DATA SUPPLIED section start

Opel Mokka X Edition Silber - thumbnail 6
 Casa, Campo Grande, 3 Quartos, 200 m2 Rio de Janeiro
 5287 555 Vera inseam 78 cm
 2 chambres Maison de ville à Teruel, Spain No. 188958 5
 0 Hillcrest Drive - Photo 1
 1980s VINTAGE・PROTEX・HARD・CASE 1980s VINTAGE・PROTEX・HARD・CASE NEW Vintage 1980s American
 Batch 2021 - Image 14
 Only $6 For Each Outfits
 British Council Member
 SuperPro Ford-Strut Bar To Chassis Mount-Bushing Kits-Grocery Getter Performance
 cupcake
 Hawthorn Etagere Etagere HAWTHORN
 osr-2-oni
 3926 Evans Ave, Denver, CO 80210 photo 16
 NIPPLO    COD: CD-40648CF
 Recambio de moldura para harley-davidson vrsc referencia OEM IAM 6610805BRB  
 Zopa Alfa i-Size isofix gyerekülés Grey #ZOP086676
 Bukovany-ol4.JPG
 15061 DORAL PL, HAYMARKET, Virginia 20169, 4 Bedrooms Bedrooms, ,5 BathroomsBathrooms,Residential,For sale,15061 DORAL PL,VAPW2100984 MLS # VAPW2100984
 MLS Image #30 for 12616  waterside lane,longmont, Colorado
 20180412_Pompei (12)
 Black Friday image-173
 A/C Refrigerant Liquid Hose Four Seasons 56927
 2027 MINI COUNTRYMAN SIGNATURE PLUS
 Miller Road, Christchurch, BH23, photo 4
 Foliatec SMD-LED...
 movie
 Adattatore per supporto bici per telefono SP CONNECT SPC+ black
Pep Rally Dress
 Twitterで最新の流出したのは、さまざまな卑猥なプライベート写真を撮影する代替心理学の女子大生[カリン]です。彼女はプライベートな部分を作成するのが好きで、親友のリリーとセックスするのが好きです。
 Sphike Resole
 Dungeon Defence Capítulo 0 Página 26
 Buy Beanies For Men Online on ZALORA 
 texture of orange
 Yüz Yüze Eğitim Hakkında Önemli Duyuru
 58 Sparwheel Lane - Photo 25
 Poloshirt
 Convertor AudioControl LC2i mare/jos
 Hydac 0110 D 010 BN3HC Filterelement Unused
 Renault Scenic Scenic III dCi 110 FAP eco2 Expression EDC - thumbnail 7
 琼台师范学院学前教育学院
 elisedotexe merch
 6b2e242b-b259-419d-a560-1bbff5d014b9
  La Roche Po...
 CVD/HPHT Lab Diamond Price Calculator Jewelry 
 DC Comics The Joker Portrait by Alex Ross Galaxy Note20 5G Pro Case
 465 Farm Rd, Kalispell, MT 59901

DATA SUPPLIED section end

● ACTIVITY
Could you set down, word for word, only the lines above from the line with "Foliatec SMD-LED..." to the line with "Yüz Yüze Eğitim Hakkında Önemli Duyuru", including both?

● TASK ANSWER
 Foliatec SMD-LED...
 movie
 Adattatore per supporto bici per telefono SP CONNECT SPC+ black
Pep Rally Dress
 Twitterで最新の流出したのは、さまざまな卑猥なプライベート写真を撮影する代替心理学の女子大生[カリン]です。彼女はプライベートな部分を作成するのが好きで、親友のリリーとセックスするのが好きです。
 Sphike Resole
 Dungeon Defence Capítulo 0 Página 26
 Buy Beanies For Men Online on ZALORA 
 texture of orange
 Yüz Yüze Eğitim Hakkında Önemli Duyuru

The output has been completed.